矢野顕子(2011年12月11日、他)の新作『荒野の呼び声-東京録音-』はここのところのライヴ曲を集めたもので、その半数は2009年と2010年にブルーノート東京で録られたブツだ。その曲群のパーソネルはいずれも矢野にくわえ、ベースのウィル・リー(2009年8月19日、他)とクリス・パーカー(2009年8月19日)。そして、この晩の顔触れもまったく同じ。そして、そんな不動の3人できっちりと“トリオ”と名乗り、彼女たちは生の場で自在かつやんちゃに協調表現を育むことを楽しみながら求めている。……そう、書いてもなんら嘘にならない起伏とウィットに富むパフォーマンスを享受。途中、彼女は中央に出てきて、マイクを持って歌ったりもした。南青山・ブルーノート東京、ファースト・ショウ。

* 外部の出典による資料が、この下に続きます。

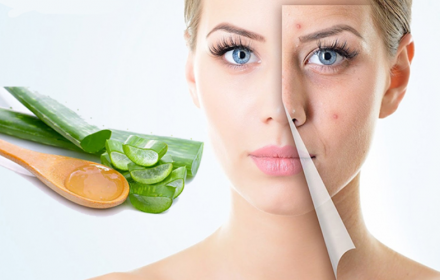 Top 10+ cách trị thâm mụn cấp tốc từ tự nhiên Top 10+ cách trị thâm mụn cấp tốc từ tự nhiên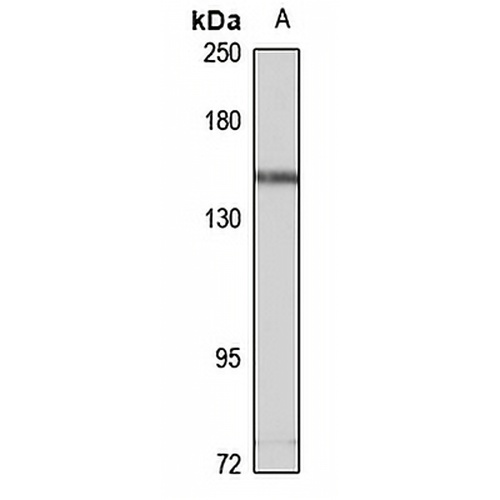 Timeless Rabbit Polyclonal Antibody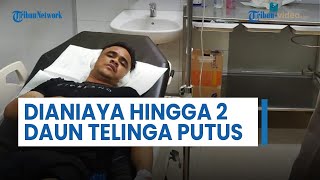Warga Banda Aceh Dianiaya hingga 2 Daun Telinganya Putus, Diduga Gara-gara Masalah Utang Piutang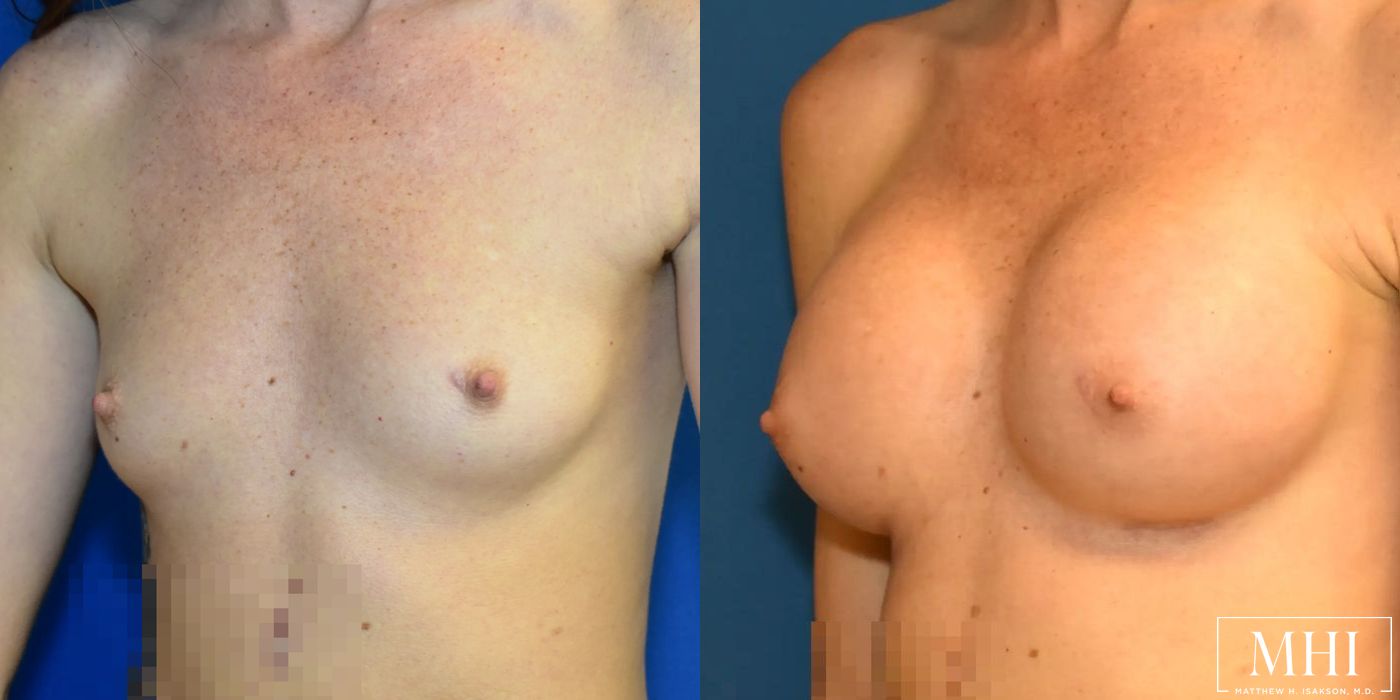 Breast Augmentation - Thumbnail 3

 そして、続いて六本木・ビルボードライブ東京で、1990年代にソウル・シーンを席巻し、解散をはさみ今年5年ぶりのアルバムをリリースした女性コーラス・グループを見る。ぼくは基本、そんなにコーラス・グループに熱を上げたりはしないのだが、彼女たちは別格。とにかく、天使の歌声といいたくなる清らかなソウル・ヴォイスが思うまま重なるそれは、誘い度抜群だもの。同時期の同系のグループのなかでは一番好きだな。

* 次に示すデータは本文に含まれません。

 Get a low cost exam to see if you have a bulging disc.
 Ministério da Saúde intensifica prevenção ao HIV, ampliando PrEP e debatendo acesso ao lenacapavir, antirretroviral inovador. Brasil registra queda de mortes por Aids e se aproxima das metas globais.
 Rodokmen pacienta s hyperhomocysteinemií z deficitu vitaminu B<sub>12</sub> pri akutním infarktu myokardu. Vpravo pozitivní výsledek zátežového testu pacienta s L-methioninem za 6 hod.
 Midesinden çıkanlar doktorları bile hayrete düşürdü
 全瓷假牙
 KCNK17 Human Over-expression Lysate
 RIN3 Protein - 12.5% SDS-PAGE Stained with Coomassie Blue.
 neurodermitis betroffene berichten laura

 少しは腰回りが太めになったシスターたち(グループ名は、シスターズ・ウィズ・ボイシズの略)だが、やっぱり無条件ににっこりできちゃう、絹の手触りのような感触をそのコーラスは持つ。ゆえに、ヒップホップ要素が入っていないしっとり目の曲のほうが、ぼくの頷き度は高い。バンドは簡素に、キーボード、ベース、ドラム。そりゃ、もっと奏者がいたほうが細やかさや密度の濃さは出るだろう。だが、3人の魅惑の声の重なりを存分にアピールするためには、この行き方もマイナスではないと好意的に思えた。それにしても、中央に立つココの声の輝きにはためいき。

<今日の、お答え>
 ときに、ブログに写真はいれないんですか、と問われる。ハイ、入れる気ゼロです。入れたほうが、絶対に分りやすくなるとは思う。が、入れれば、それにたより、文章が雑になる。間違いなく。もともと外国に行ったときにも、写真を撮らない〜だって、写真を撮る事が第一義になってしまっている???な人を見たりして、ああはなりたくないと思うから〜人間であるし、ライヴに行って写真を撮らなきゃと思うのもイヤ。メンドクセー。だいいち、PCにいまだ不慣れなぼくは、ここへの写真の入れ方もよくわからない。いや。分らないようにしている? ともあれ、ちゃんと文字だけで完結する文章を書きたい。決して保守的なほうではないと思うが、それが文章を書いて生計を立てているぼくのささやかな自戒だということにしておこう。